#### [TASK REQUIREMENTS]
Starting with the line that contains "Premium Genuine Brown", copy every line through the end of the listing, exactly and only those. No pictures should appear in the copy.

#### [DATA BLOCK]

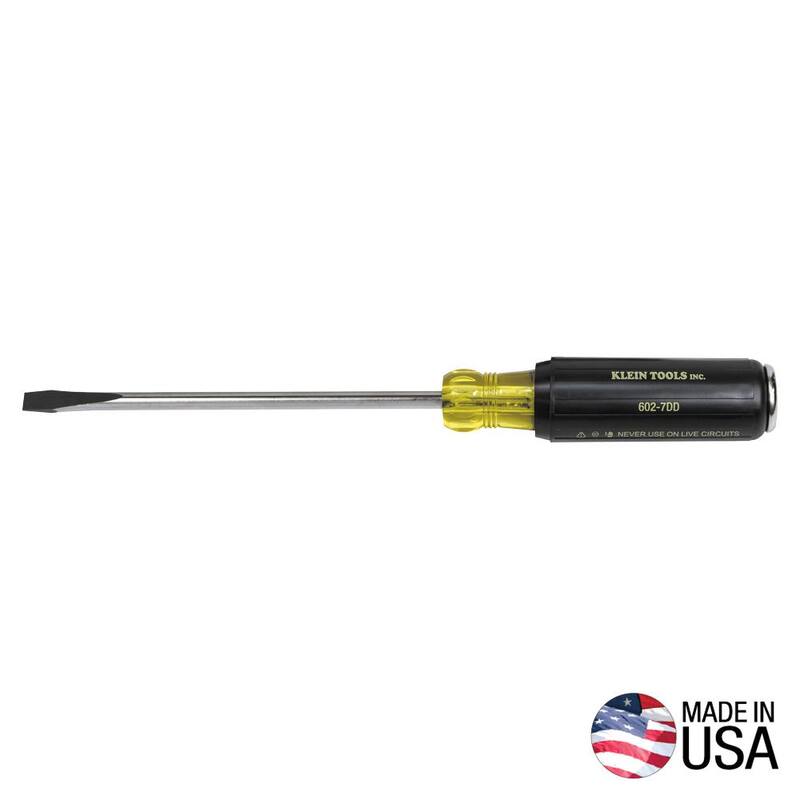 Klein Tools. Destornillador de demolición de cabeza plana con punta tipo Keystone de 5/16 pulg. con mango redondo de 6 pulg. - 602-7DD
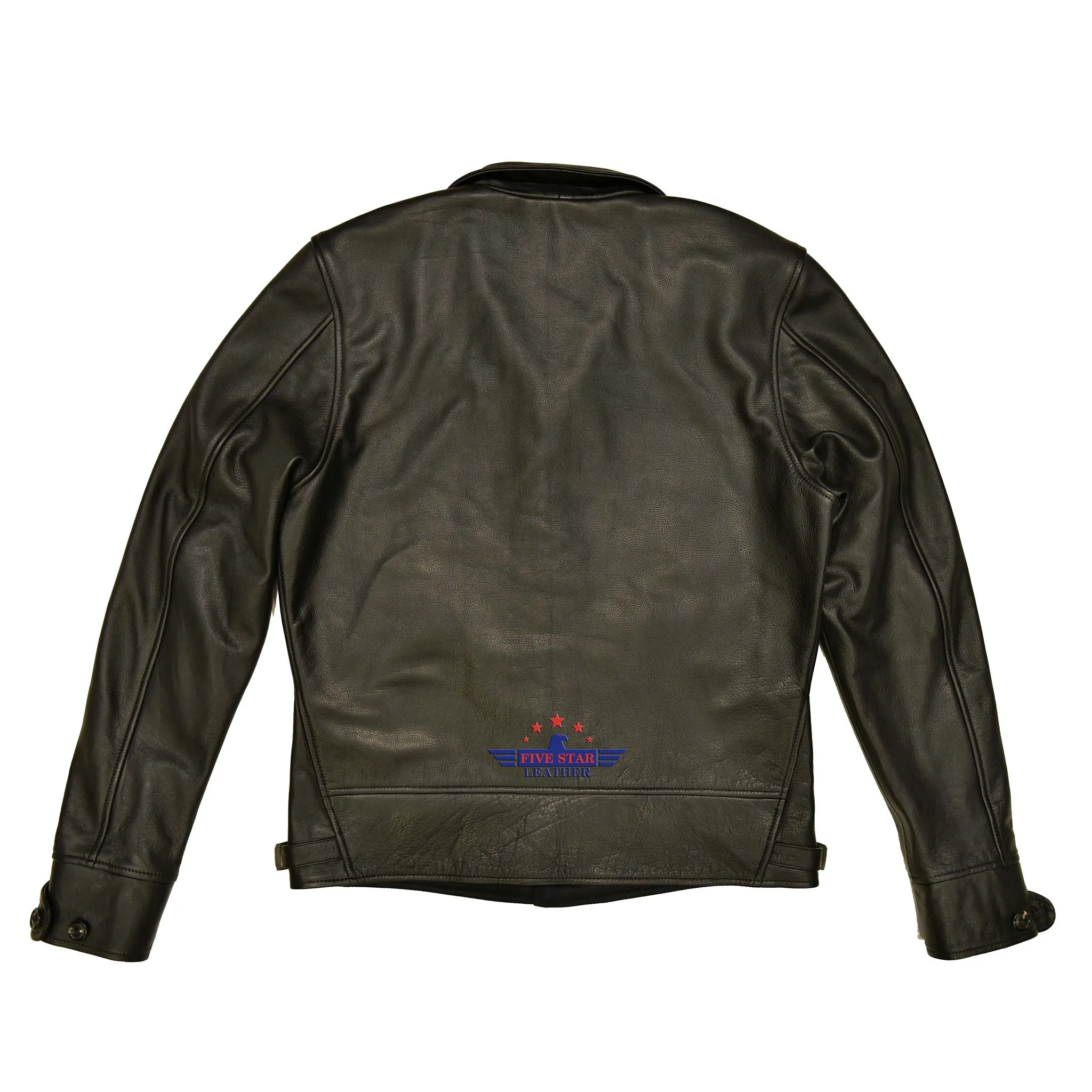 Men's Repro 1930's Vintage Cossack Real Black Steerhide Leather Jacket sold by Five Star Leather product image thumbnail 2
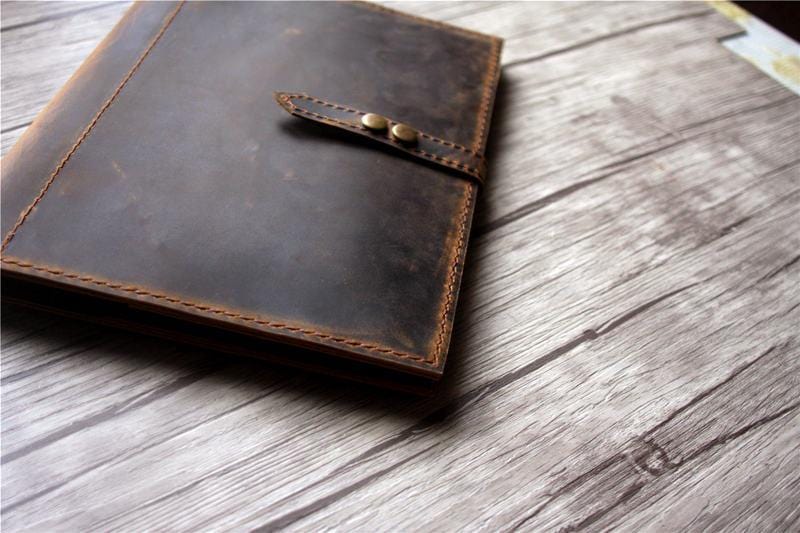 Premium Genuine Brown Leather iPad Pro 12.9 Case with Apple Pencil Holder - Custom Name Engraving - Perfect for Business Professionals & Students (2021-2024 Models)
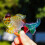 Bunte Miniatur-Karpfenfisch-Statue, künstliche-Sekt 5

#### [SOLUTION]
 Premium Genuine Brown Leather iPad Pro 12.9 Case with Apple Pencil Holder - Custom Name Engraving - Perfect for Business Professionals & Students (2021-2024 Models)
 Bunte Miniatur-Karpfenfisch-Statue, künstliche-Sekt 5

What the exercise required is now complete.